Prove that the resultant of the vectors represented by the sides `vec(AB)` and `vec(AC)` of a triangle ABC is `2 vec(AD)`, where D is the mid - point of [BC].

To prove that the resultant of the vectors represented by the sides \(\vec{AB}\) and \(\vec{AC}\) of triangle \(ABC\) is \(2 \vec{AD}\), where \(D\) is the midpoint of segment \(BC\), we can follow these steps: ### Step 1: Define the Vectors Let: - \(\vec{A}\) be the position vector of point \(A\), - \(\vec{B}\) be the position vector of point \(B\), - \(\vec{C}\) be the position vector of point \(C\), - \(\vec{D}\) be the position vector of point \(D\), which is the midpoint of \(BC\).

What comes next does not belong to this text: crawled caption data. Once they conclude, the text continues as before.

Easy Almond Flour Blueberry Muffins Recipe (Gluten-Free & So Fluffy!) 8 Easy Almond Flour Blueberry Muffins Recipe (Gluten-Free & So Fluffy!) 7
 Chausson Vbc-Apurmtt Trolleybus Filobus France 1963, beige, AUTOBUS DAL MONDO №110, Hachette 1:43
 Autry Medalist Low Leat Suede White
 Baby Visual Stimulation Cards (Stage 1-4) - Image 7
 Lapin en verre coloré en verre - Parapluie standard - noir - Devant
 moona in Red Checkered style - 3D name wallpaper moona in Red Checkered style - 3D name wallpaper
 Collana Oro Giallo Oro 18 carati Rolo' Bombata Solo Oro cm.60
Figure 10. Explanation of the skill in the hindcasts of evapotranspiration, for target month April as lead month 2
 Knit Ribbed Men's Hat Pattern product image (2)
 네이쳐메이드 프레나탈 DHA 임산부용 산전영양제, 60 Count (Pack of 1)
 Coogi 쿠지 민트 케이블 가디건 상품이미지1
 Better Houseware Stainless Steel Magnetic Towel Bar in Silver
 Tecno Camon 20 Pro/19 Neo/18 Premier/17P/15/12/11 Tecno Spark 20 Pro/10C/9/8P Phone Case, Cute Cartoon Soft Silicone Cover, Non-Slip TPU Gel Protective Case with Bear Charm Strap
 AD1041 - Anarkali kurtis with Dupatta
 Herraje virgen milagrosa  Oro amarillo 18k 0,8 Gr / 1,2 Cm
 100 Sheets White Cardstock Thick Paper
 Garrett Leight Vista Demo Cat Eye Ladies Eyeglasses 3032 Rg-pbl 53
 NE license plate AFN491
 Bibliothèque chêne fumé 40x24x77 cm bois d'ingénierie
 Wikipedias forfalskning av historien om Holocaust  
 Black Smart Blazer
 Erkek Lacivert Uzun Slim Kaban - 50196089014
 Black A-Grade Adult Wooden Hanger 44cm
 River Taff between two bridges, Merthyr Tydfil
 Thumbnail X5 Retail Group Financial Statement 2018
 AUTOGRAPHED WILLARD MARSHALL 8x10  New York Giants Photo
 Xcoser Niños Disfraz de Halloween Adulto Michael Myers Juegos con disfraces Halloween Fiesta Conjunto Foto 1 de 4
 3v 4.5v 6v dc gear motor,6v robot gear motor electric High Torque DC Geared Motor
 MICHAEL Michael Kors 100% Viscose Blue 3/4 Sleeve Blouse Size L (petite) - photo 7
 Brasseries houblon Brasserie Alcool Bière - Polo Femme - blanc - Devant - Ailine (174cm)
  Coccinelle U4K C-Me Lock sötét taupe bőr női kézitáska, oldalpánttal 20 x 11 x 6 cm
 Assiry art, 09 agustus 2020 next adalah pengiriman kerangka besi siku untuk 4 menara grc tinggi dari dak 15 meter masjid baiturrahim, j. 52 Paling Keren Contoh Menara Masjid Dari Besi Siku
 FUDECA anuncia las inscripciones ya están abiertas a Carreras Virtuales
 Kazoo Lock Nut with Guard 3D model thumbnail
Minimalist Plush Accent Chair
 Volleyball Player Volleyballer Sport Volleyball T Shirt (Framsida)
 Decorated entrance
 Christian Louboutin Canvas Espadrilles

Since \(D\) is the midpoint of \(BC\), we can express \(\vec{D}\) as: \[ \vec{D} = \frac{\vec{B} + \vec{C}}{2} \] ### Step 2: Express \(\vec{AB}\) and \(\vec{AC}\) The vectors \(\vec{AB}\) and \(\vec{AC}\) can be expressed as: \[ \vec{AB} = \vec{B} - \vec{A} \] \[ \vec{AC} = \vec{C} - \vec{A} \] ### Step 3: Find the Resultant of \(\vec{AB}\) and \(\vec{AC}\) The resultant vector \(\vec{R}\) of \(\vec{AB}\) and \(\vec{AC}\) is given by: \[ \vec{R} = \vec{AB} + \vec{AC} \] Substituting the expressions for \(\vec{AB}\) and \(\vec{AC}\): \[ \vec{R} = (\vec{B} - \vec{A}) + (\vec{C} - \vec{A}) = \vec{B} + \vec{C} - 2\vec{A} \] ### Step 4: Substitute \(\vec{D}\) into the Resultant Now, we can substitute \(\vec{D}\) into our expression for \(\vec{R}\): \[ \vec{R} = \vec{B} + \vec{C} - 2\vec{A} = 2\left(\frac{\vec{B} + \vec{C}}{2}\right) - 2\vec{A} = 2\vec{D} - 2\vec{A} \] ### Step 5: Rearranging the Resultant We can rearrange this to express \(\vec{R}\) in terms of \(\vec{AD}\): \[ \vec{R} = 2\left(\vec{D} - \vec{A}\right) = 2\vec{AD} \] ### Conclusion Thus, we have shown that the resultant of the vectors represented by the sides \(\vec{AB}\) and \(\vec{AC}\) is: \[ \vec{R} = 2\vec{AD} \]